As for Leiter, who DOES believe that "there is any merit to institutions almost exclusively teaching post-Kantian `Continental' philosophy"? Anyone earning a general philosophy degree and not learning some solid subset of ancient, medieval, modern, American, global [e.g. Chinese/Indian/etc.], Bentham/Mill/Utilitarianism, Wittgenstein, would be quite philosophically impoverished indeed.

I would also be interested in evidence that Leiter "is primarily interested in preserving the existing dimensions of the professional philosophical playing field," or in "marginaliz[ing] programs." Which comments of his support that? (It certainly does not follow "Consequentially" from your preceding comment.)
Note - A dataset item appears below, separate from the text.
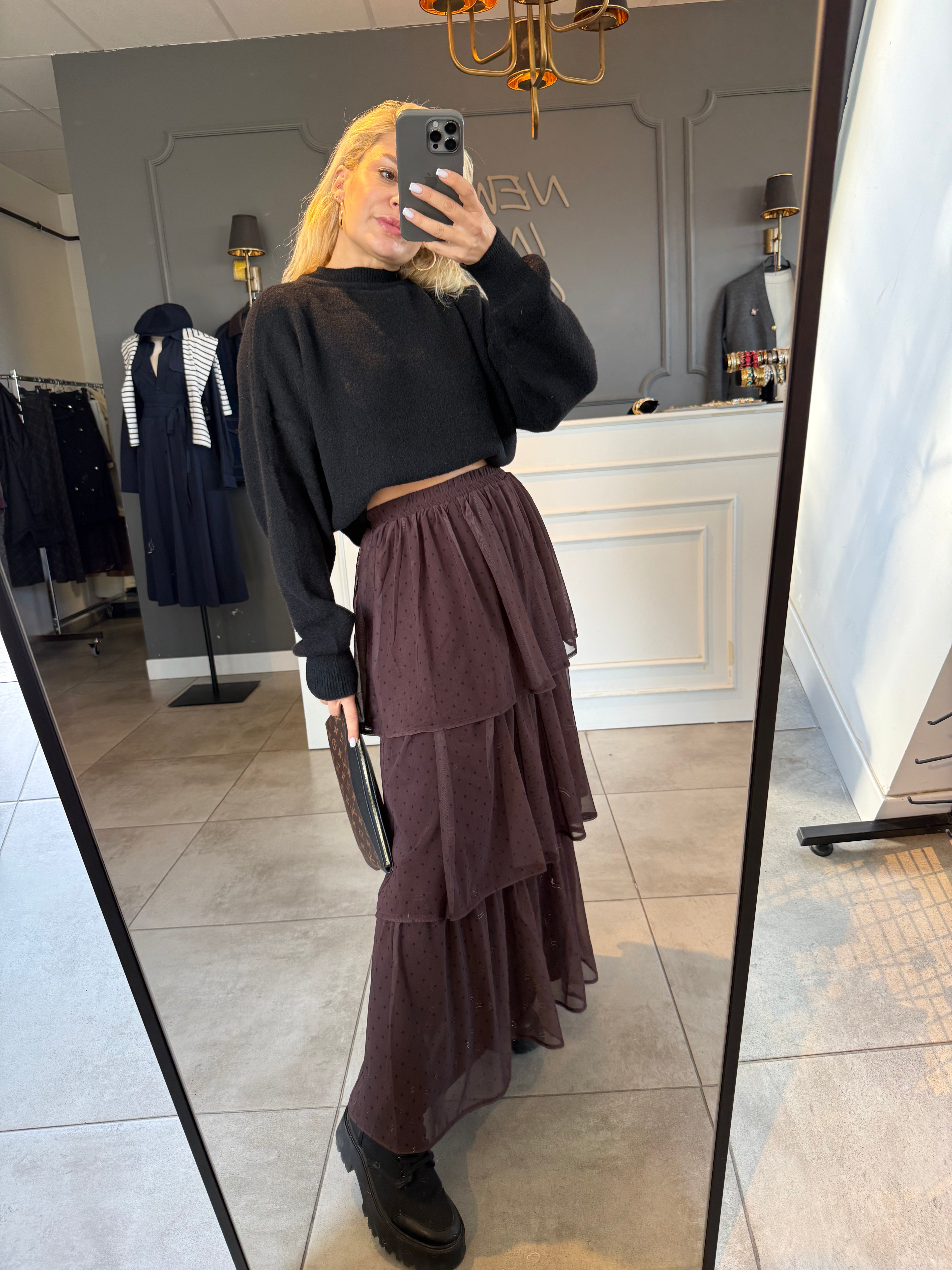 Kahverengi katlı etek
To facilitate conversation, you would also have to explain how "the modern philosophical consciousness of Academia is reified," because I don't understand. Academia has one philosophical consciousness and it has become a thing?

Anonymous said...

DePaul should certainly be up for consideration. It has a diverse group of fine minds doing very interesting work. But don't forget Duquesne University, which has both a strong historical approach and the powerhouse Tom Rockmore. It also has an up-and-coming wizard named Daniel Selcer who does work on early modern rationalism and French postmodernism.

J said...

Private universities should be detonated, including the one Nurse Leiter resides at--or, nationalized. That's Kantian ethics. Then reform the matriculation bureaucracy of public uni's: say, draw names out of a hat, or better, put everything online, and offer a series of tests (could be done via apps, really). For that matter, it's questionable whether PhDs should even be offered in Phil (or belle-lettres). Youngsters should do civil engineering or medicine or mathematics etc., and get the Phil. as needed (and reject what's not needed, like most of german idealism).

That some applicant's GPA or GRE scores are one point less than Biff who was let into UCLA or UCB means scheisse; that he has a sweeeter letter of recommendation from Higginsbotham means scheisse.

Anonymous said...

If Duquesne is on the list, so too, then, should the University of Kentucky. There you will find one of the foremost Fichte scholars in the world, Daniel Breazeale. He also works on K.L. Reinhold, and other post-Kantians. So too does Ronald Bruzina, a Husserl scholar well-acquainted with the German Idealists, especially Fichte. Arnold Farr, who has just taken a post at the University of Kentucky (having recieved his Ph.D. there some years ago), has published on Fichte.